Eyak Nation leader

Personal details
- Born: May 14, 1918 Cordova, Territory of Alaska
- Died: January 21, 2008 (aged 89) Anchorage, Alaska
- Resting place: Angelus Memorial Park Anchorage, Alaska
- Spouse: William F. Smith ​(m. 1948)​
- Children: 9
- Known for: Last surviving speaker of the Eyak language; honorary chief of the Eyak Nation, and the last remaining full-blooded Eyak.

= Marie Smith Jones =

Last native speaker of Eyak (1918–2008)

Marie Smith Jones (May 14, 1918 – January 21, 2008, 'udAch' k'uqAXA'a'ch' /eya/ 'a sound that calls people from afar') was an American woman who was the last surviving speaker of the Eyak language of Southcentral Alaska. She was born in Cordova, Alaska, was an honorary chief of the Eyak Nation and the last remaining full-blooded Eyak.

==Biography==
Jones married a fisherman, William F. Smith, on May 5, 1948. Although she had nine children with Smith, they did not learn to speak Eyak due to the social stigma associated with it at the time.
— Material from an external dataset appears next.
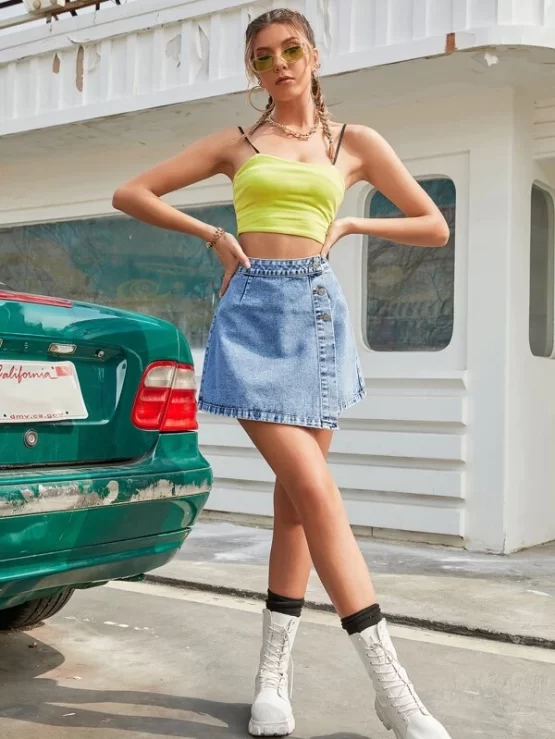 Wrap Hem Mini Denim High Waist Shorts - Image 2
She moved to Anchorage in the 1970s. So that a record of the Eyak language would survive, she worked with linguist Michael E. Krauss, who compiled a dictionary and grammar of it. Her last older sibling died in the 1990s. Afterwards, Jones became politically active, and on two occasions she spoke at the United Nations on the issues of peace and indigenous languages. She was also active regarding environmental Indian issues, including clearcutting. Jones suffered from alcoholism earlier in her life, but gave up drinking while in her early 50s; she remained a heavy smoker until her death. She died of natural causes on January 21, 2008, at age 89 at her home in Anchorage. NPR also released an obituary where they have a clip of her reciting an Eyak prayer.